Pinned between a Cricket Store and a Blackjack Pizza in a down-market mall on 75th Avenue and Sheridan Boulevard, tiny Sakana Sushi & Ramen is not what you’d expect from a suburban Japanese restaurant. Rather than decorating the space in the usual way, with bamboo, rice paper, black granite, and neon Kirin signs, chef-owners Kazu Fujiwara and Norika Kanaoka employed chic reclaimed wood, slate, and mismatched light fixtures.

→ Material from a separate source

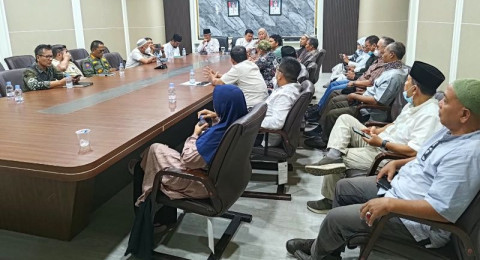 Pasang Badan untuk Warga, Maulana Layangkan Permohonan Relokasi Stockpile di Aur Kenali ke Gubernur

Those delicate, slightly bohemian touches extend to the food: A house salad ($4) unexpectedly includes haricots verts and a handful of boutique greens; Fujiwara and Kanaoka have rethought the ramen as well. Instead of serving the deeply flavored miso ramen ($9), pictured, in the conventional way with pork that has been cooked to death to flavor the broth and then shredded back into the soup, the chefs carefully truss a small cylinder of pork butt, season it with soy and mirin, and roast it to an ideal tenderness. The warm pork slices then garnish the tangy-spicy soup, along with a pile of thinner-than-paper scallions.

Unlike ice-cream parlors or cafes that serve mostly soup, Sakana has wisely covered the bases when it comes to weather-appropriate food. On an unusually damp and chilly July evening, we noticed that no one was eating sushi and that every table was tucking into large bowls of hearty ramen.